* [Data for this task]:
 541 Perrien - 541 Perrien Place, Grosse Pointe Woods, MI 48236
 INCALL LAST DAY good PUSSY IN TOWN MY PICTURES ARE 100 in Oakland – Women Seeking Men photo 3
---
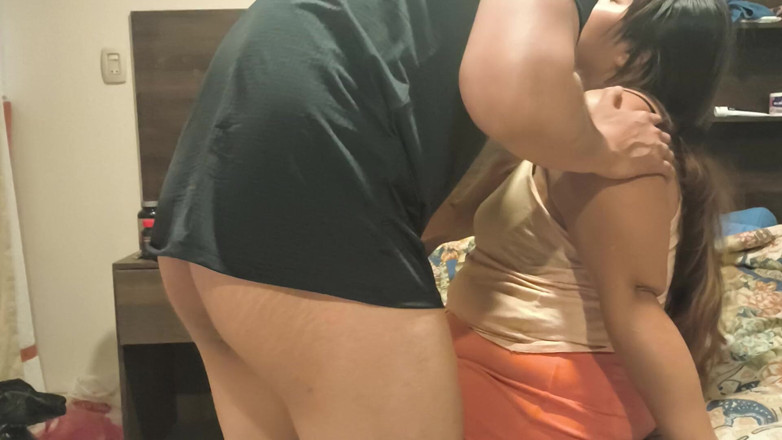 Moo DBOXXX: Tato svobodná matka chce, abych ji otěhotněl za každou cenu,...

* [Brief]: Given the data above, transcribe exactly the lines from the one containing "541 Perrien - 541" down to the one containing "INCALL LAST DAY", and no others.

* [Exercise answer]:
 541 Perrien - 541 Perrien Place, Grosse Pointe Woods, MI 48236
 INCALL LAST DAY good PUSSY IN TOWN MY PICTURES ARE 100 in Oakland – Women Seeking Men photo 3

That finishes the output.